Building talent and capability: attracting and retaining top talent to support the Company's growth; and

Maintaining margin: identifying opportunities to reduce inefficiency to improve.

People

It is a pleasure to welcome Isabelle Maddock who joins as Chief Financial Officer and Board Director after a 9- year tenure as CFO with James Cropper PLC.  It is also a pleasure to welcome Stephen Easton to the team as (non-Board) Chief Operating Officer, Stephen has joined after a 16-year tenure with SGL Carbon. Both these senior appointments strengthen an already dynamic team focused on delivering the manufacturing expansion and financial transformation of the Company.

To support talent programmes, we work with key universities and local colleges to secure a number of individuals on apprenticeships and graduate programmes. These programmes help us to attract and retain top talent, develop future leaders, reduce training costs, improve productivity, and boost morale.  Since the start of the year, we have taken in three apprentices and have also secured nine graduates primarily in IT, Engineering, Manufacturing Technology, Human Resources, Finance and Sales roles. Approximately 26% of the current workforce are graduates.
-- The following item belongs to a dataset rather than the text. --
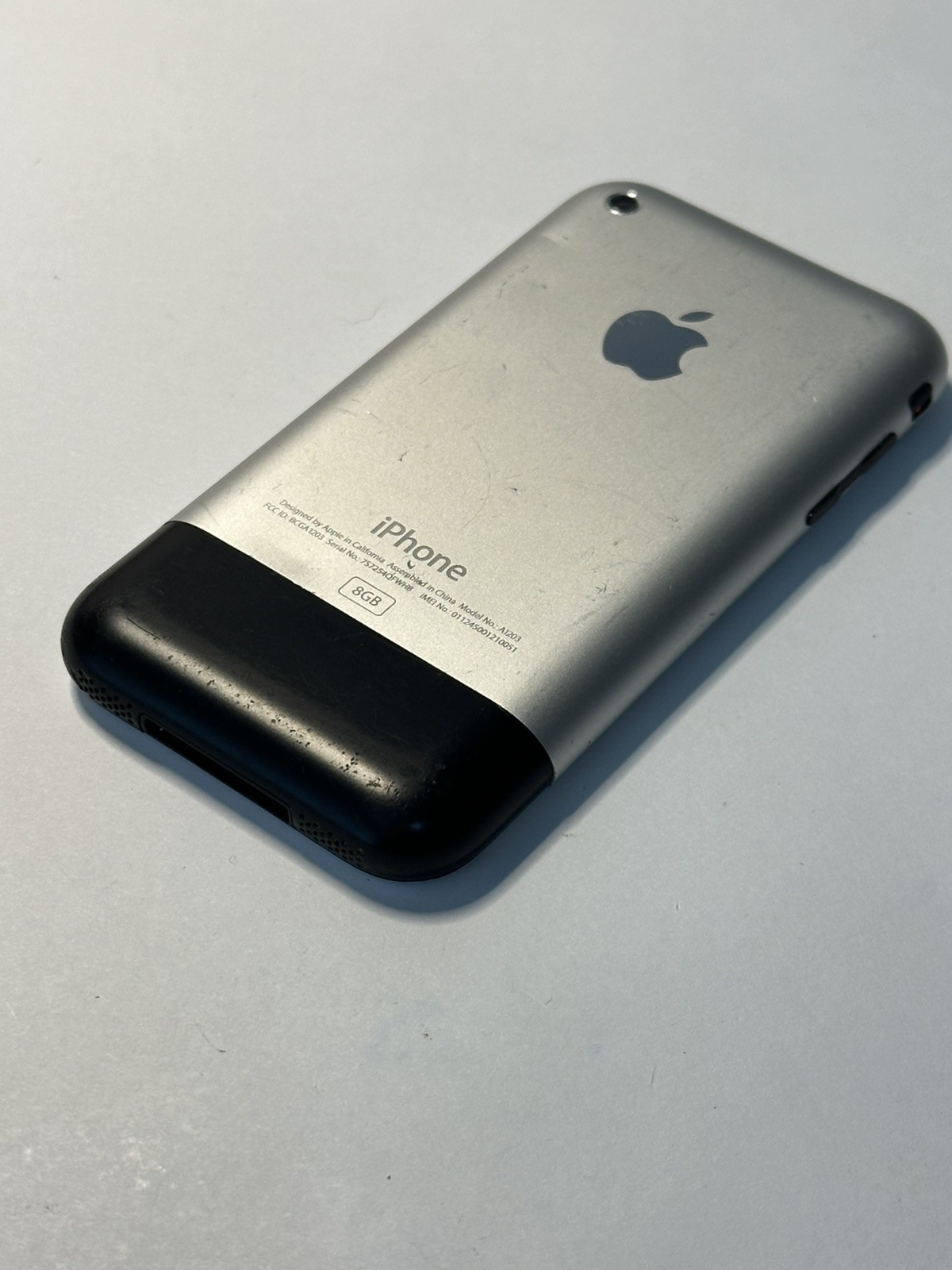 Early iOS 1.0 Apple iPhone 1st Generation – 8GB – Black A1203 (GSM) 2G MA712LL/A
We continue to be an employer of choice in the area offering well paid employment opportunities and excellent prospects within a growing and inclusive environment.

Environment

Brake dust is a major source of air pollution, and it is becoming an increasingly talked-about problem. There are more vehicles on the road than ever before, and newer models tend to have more powerful and bigger brakes. Our carbon ceramic brake discs significantly reduce brake pad wear and hence brake pad dust emissions compared to traditional brake discs. They are also lighter, last longer, do not corrode and cope better with high accelerating, heavy vehicles, making them well-suited for electric vehicles (EVs) that require brakes which are used less frequently, but need higher energy braking performance, weight reduction and lower brake pad dust emissions. Our research team is collaborating with innovative automotive suppliers to develop new brake disc technologies that can further reduce brake dust emissions and improve the performance of EV's.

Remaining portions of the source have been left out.